The US presidency has just gone even more global

RASHMEE ROSHAN LALL October 10, 2019
A puzzling relationship. US President Donald Trump (R) and Turkish President Recep Tayyip Erdogan meet on the sidelines of the G20 Summit in Osaka, June 29. (AFP)

A puzzling relationship. US President Donald Trump (R) and Turkish President Recep Tayyip Erdogan meet on the sidelines of the G20 Summit in Osaka, June 29. (AFP)

What’s clear from the formal impeachment inquiry is that Trump seems to want the whole world to participate in US politics.

US President Donald Trump’s abrupt shift in Syria policy — after a phone call with Turkish President Recep Tayyip Erdogan — provoked anger and dismay in the United States and consternation elsewhere.

There is also puzzlement. What could Erdogan have possibly offered Trump in return for the promise of a tactical US retreat from the very areas of north-eastern Syria that the Turks have invaded?

The incurably cynical and the intensely suspicious suggest there had to be a quid pro quo and that it had to be in the form of some personal gain for Trump, politically or in some other way, against getting carried away with such speculation.

Jonathan Bernstein of Bloomberg raised the issue as follows: “When Trump personally and inexplicably reverses US policy immediately after a conversation with a foreign leader, it’s hard not to wonder exactly what motivations are at work.” Ryan Lizza of Politico posted on Twitter that Trump has a property in Turkey: “This is why presidents divest. It is crazy that a president is making national security decisions like the one tonight when he has lucrative business relationships at stake in the country that will benefit.”

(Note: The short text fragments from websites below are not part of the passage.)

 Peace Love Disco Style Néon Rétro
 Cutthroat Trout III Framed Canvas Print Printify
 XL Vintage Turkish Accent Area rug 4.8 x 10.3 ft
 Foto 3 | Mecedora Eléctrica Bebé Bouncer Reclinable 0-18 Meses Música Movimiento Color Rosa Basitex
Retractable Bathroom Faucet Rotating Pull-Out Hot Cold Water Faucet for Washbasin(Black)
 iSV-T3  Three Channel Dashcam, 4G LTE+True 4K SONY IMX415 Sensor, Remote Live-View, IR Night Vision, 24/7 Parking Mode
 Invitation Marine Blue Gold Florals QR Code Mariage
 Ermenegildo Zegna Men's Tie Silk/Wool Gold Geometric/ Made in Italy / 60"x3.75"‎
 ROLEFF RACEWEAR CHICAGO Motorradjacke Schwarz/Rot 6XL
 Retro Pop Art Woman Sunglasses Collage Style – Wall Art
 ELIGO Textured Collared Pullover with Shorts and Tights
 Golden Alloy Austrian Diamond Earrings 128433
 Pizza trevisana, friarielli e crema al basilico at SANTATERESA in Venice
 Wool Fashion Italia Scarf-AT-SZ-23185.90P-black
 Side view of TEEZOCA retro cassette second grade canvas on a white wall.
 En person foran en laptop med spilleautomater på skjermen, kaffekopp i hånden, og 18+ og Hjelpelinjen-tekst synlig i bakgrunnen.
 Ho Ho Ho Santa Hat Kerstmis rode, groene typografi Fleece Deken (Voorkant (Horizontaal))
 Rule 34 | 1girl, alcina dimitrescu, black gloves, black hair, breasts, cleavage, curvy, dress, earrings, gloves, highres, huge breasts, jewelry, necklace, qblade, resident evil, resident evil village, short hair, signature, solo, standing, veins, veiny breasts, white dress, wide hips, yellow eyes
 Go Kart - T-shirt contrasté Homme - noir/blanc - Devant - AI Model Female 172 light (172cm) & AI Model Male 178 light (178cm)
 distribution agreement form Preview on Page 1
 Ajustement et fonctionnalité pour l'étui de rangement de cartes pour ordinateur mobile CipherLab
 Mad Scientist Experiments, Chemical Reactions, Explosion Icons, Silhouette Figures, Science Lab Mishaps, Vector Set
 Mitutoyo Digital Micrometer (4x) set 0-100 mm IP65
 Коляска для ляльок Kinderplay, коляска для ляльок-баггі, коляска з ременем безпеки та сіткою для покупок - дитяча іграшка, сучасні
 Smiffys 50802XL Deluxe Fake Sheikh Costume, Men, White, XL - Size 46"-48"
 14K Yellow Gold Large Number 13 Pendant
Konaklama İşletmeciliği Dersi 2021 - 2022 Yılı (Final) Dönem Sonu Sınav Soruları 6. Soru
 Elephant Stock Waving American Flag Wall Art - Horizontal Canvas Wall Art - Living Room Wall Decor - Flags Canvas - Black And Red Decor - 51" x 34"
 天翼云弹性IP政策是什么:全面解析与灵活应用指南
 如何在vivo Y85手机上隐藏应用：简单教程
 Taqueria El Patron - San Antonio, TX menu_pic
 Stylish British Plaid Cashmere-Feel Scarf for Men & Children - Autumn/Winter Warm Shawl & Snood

Nothing has emerged to substantiate the suggestion that Trump Towers Istanbul was a factor in Trump’s decision to accommodate Erdogan. That said, there is one obvious political benefit to Trump from his stated decision to withdraw US troops from Syria: Trump may find it politically helpful on the 2020 campaign trail to portray the new US posture in Syria as part of his campaign to end “endless wars.”

Suspicions about Trump’s motivations in almost every policy decision are hardly surprising. Consider this:

Last month, at the UN General Assembly, Trump repeated his view of globalisation. He said he was opposed to it and affirmed his belief in nationalism and national sovereignty. That was controversial but not as much as the alternative, as revealed by two whistle-blower complaints about Trump’s actions and pronouncements.

What’s clear from the formal impeachment inquiry under way in the United States is that Trump seems to want the whole world to participate in US politics, US foreign policy in general and in the 2020 presidential election in particular.

Walter Dellinger, former head of the US Office of Legal Counsel and an emeritus professor of constitutional law, recently noted that Trump’s private chat with Ukraine’s leader on investigating his political rival Joe Biden, and his subsequent public calls for Ukraine and China to do the same, is a “simple” story.

“The president is asking for foreign governments to try to decide who the next president of the United States is and to play a role in making that decision,” Dellinger said. “There is nothing more fundamentally wrong than that in a democratic republic… the 2020 election is corrupted and influenced by foreigners.”

He added: “If there was anything that the framers of the [US] Constitution feared most, it was foreign inter-meddling in our elections. They feared that we would be the plaything of European politics — there would be a French party and a British party and that they went through the emoluments clause and through many other parts of the Constitution to try to ensure that American elections were independent.”

Clearly, the most ludicrous extrapolation of Trump’s motivation on Syria and Ukraine would be as follows: He has made the office of the US president truly global, one in which foreign actors have a say in the choice. That isn’t the way it should be but Trump has an unusual approach to ethics and propriety.

The issue of global opinions and preferences with respect to US presidential candidates does raise an interesting issue. For decades, the world has routinely polled itself on its preferred candidate for the White House. The Middle East and North Africa region, for instance, regularly assesses who would get its vote, were it to have the chance to cast a ballot on the United States’ Election Day.

Of course, American presidents have long struggled against the idea that their office must represent global concerns. The worldwide hopes for and expectations of Barack Obama when he was elected in 2008 were simply overwhelming. In Aligarh, India, just weeks after Obama’s election, I remember university students saying the new US president owed it to the world to sort out a number of things or would have ignored his mandate (of worldwide goodwill), they said.

A couple of years on and I was hearing the same sort of things in Afghanistan. People behaved as though Obama were their president, not just the leader of the United States.

However, elections are supposed to be local and foreign policy is meant to answer national needs. Trump is falling short on both counts.